What should we take away from the following story?
Once upon a time, the man who was given charge of all the secrets of the nation was then given charge of all of its soldiers and weapons. And none of the people's representatives seemed to give a fig that this same man, once upon another time, was very close to a minion of the nation's mortal enemy -- that the man even read the minion's praises into the Congressional Record and later spoke at his funeral.
None of the people's representatives cared to ask why this was so. Nor did they care to ask themselves whether such a man, who also supported an organization dedicated to advancing the mortal enemy's political interests here in Washington during a time of "cold" hostilities, is the right man to oversee, first, the nation's secrets, and now its military. Does the man have second thoughts about his past views or associations? How might they affect the man's current duties? Not one U.S. senator has bothered to ask.
"The man" is Leon Panetta, Barack Obama's unconventional choice to head the CIA in 2009, now his choice to head the Pentagon. This week, Panetta was unanimously approved by the Senate Armed Services Committee for the defense post, and will be considered by the full Senate next week.
There is something troubling here. Researchers Cliff Kincaid and Trevor Loudon have dug up documentation in the archives of the University of Washington of a cordial, long-term relationship in the 1970s and 1980s between Panetta, a member of the Congress between 1977 and 1993, and Hugh DeLacy, a Communist Party USA member elected to one term in Congress pretending to be a Democrat in 1944. DeLacy later co-founded the communist-penetrated Progressive Party that nominated Henry Wallace for president in 1948. By the 1970s, DeLacy was still politically active, with connections to known Soviet agents including Victor Perlo of the infamous Perlo spy group, and Frank Coe and Solomon Adler of the equally infamous Silvermaster spy group. DeLacy is also associated with suspected Soviet agent John Stewart Service of the "Amerasia" spy case.
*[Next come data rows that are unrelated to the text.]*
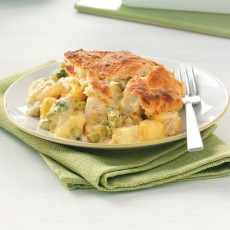 Chicken-Potpie-with-Cheddar-Biscuit-Topping_exps50271_SD1999444D06_25_3bC_RMS.jpg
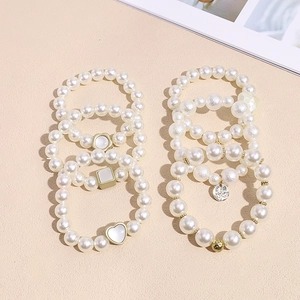 Set de 6 elegantes gomas de pelo de perlas con dijes dorados y colgantes de corazón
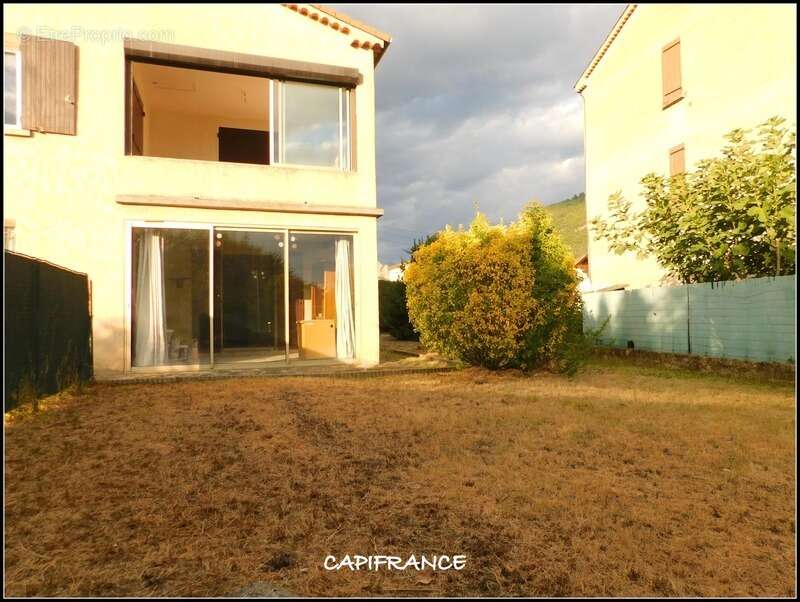 DIGNE-LES-BAINS 04000 A VENDRE Maison traditionnelle avec 2 appartements, terrain plat et clos, garage et cave - photo 3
Moreover, DeLacy was of sufficient interest to Communist China to have scored a paid junket to the People's Republic in 1974. There, Loudon reports, DeLacy met up with Service, Coe and Adler, who was then thought to be working for Chinese intelligence.
"Within two years," Loudon said in a recent online interview with Jerry Kenney, "DeLacy was in regular contact with Leon Panetta, grilling him and regularly asking him for military and defense and foreign-policy-related information, which Panetta heavily supplied him."